Já “All of the Ways”, de Jonas Abarral, mistura trechos da música de mesmo título do Interpol para contar a vida de um personagem que desde muito cedo percebeu sua paixão por pernas. Tudo soa muito natural na forma como o autor escreve: as observações detalhadas da infância do personagem que começava a desenhar qualquer pessoa ou animal sempre pela perna, a forma como ele descia sempre uma estação de ônibus antes do seu ponto só para observar as pernas das pessoas que corriam na ciclovia.

Difícil falar de quatro entre vinte que escreveram sem que isso soe um desmerecimento aos outros autores, mas qualquer leitura é pessoal, ainda mais quando a proposta é abordar um tema tão pessoal na vida de cada um. Acredito que cada leitor vai se identificar com textos diferentes, passar batido por uns tantos e até antipatizar com um ou outro. O livro é cheio de histórias e opiniões fortes, polêmico em todos os sentidos, como disse no início. E a polêmica, assim como o amor, gera essa diversidade de opiniões.

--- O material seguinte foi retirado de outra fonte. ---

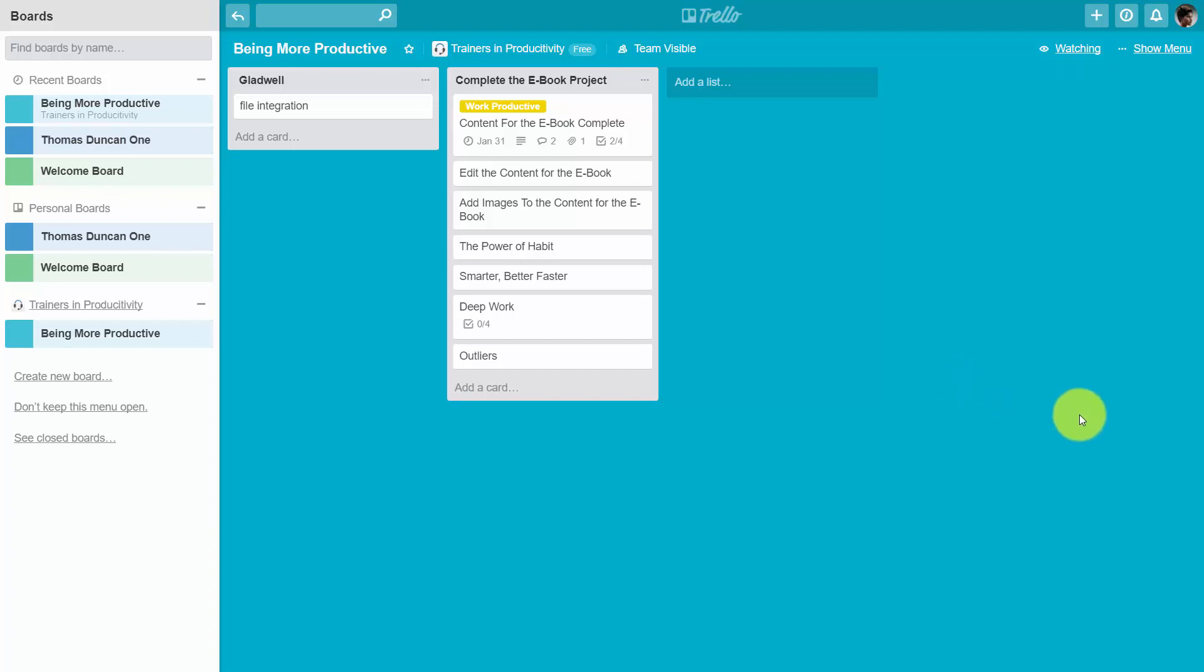Welcome back. In this video, we're going to take a look at the direct integrations into the card system inside of Trello.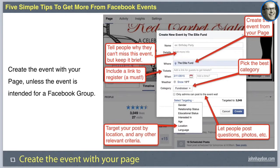You also want to include that people have to register through the link. Just because they RSVP on Facebook doesn't mean that they're necessarily going to get all the cool stuff that they will if they register through the registration page. Again, create the event from your page — we see that the Ellie Fund has done this, as shown where it says the Ellie Fund created it with their page.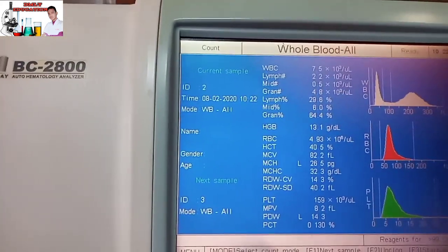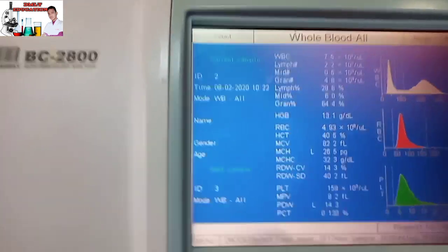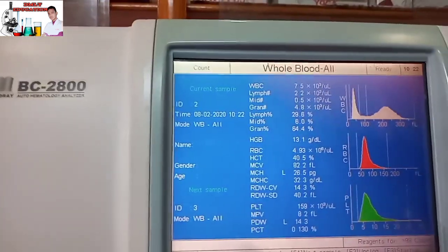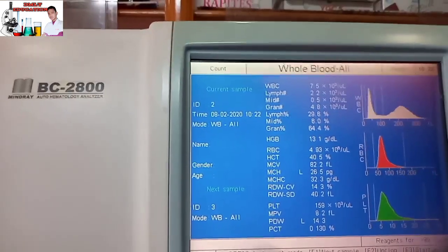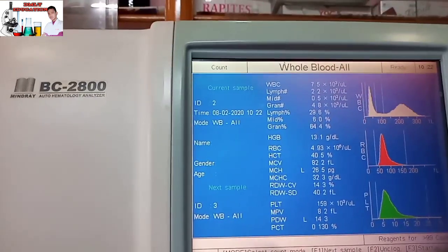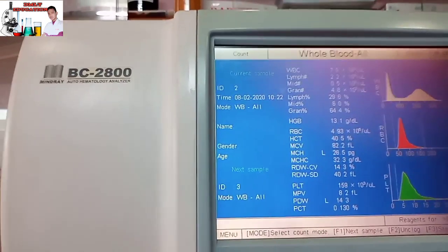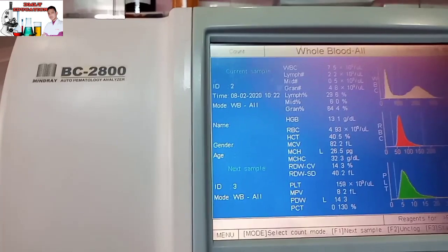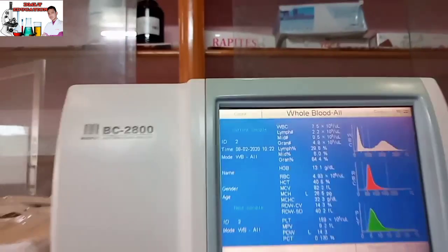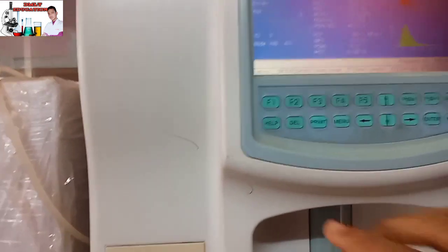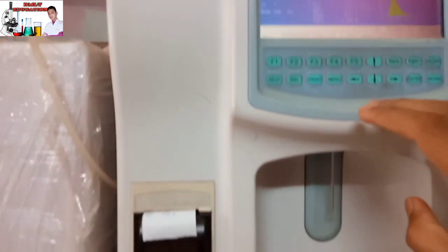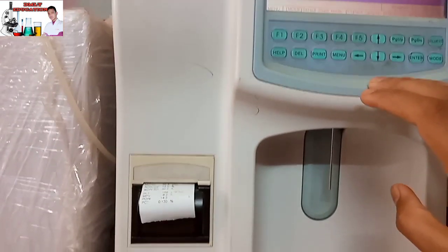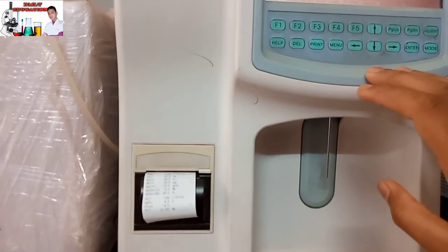WBC 7.5. Lymphocytes, Monocytes, Neutrophils. I will show you the results.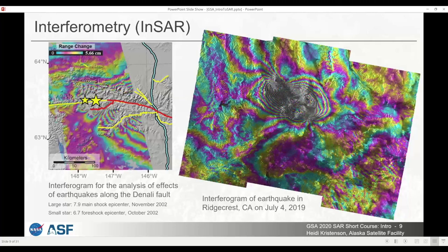If you create an interferogram, you can see fringes that appear in the image. In this image of an earthquake in Ridgecrest, California in 2019, the area that had the highest deformation shows very narrow fringes close together. In an interferogram, narrow fringes or lots of bands in one area indicate a region where significant deformation has occurred, whereas the farther apart the fringes are, the less deformation has taken place.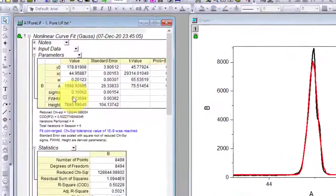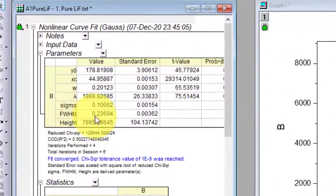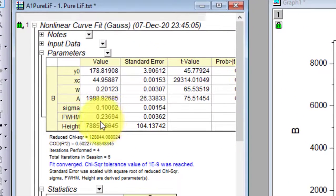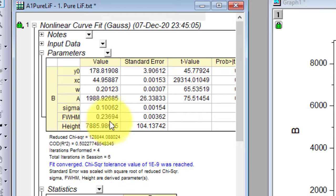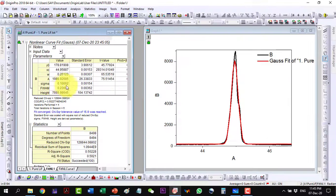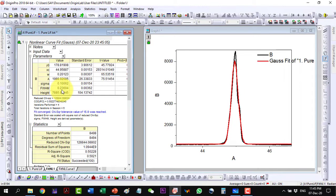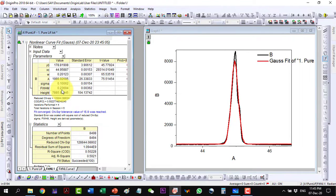I will take the full width at half maximum from here which is 0.23694 but note that this is given in degrees so I will have to convert this into radians before using for calculation of the crystallite size.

Título: A polêmica vida do amor
Organizado por: Flávia Iriarte e Daniel Russell Ribas
Preço: R$35,00
Páginas: 181

Autores: Antônio LaCarne, Joana Souza, Anna Beatriz Mattos, Cesar Cardoso, João Lima, Paula Cajaty, Roberto Pedretti, Roberto Robalinho, Rodrigo Vrech, Thiago Poggio Pádua, Valentina Silva Ferreira, Viviane Roux, Luciano Prado da Silva, Rafael Rodrigues, Aline Miranda, Jonas Arrabal, Paulo Vitor Grossi, Beatriz Castanheira, Marcelo Asth, Sidiney Breguêdo.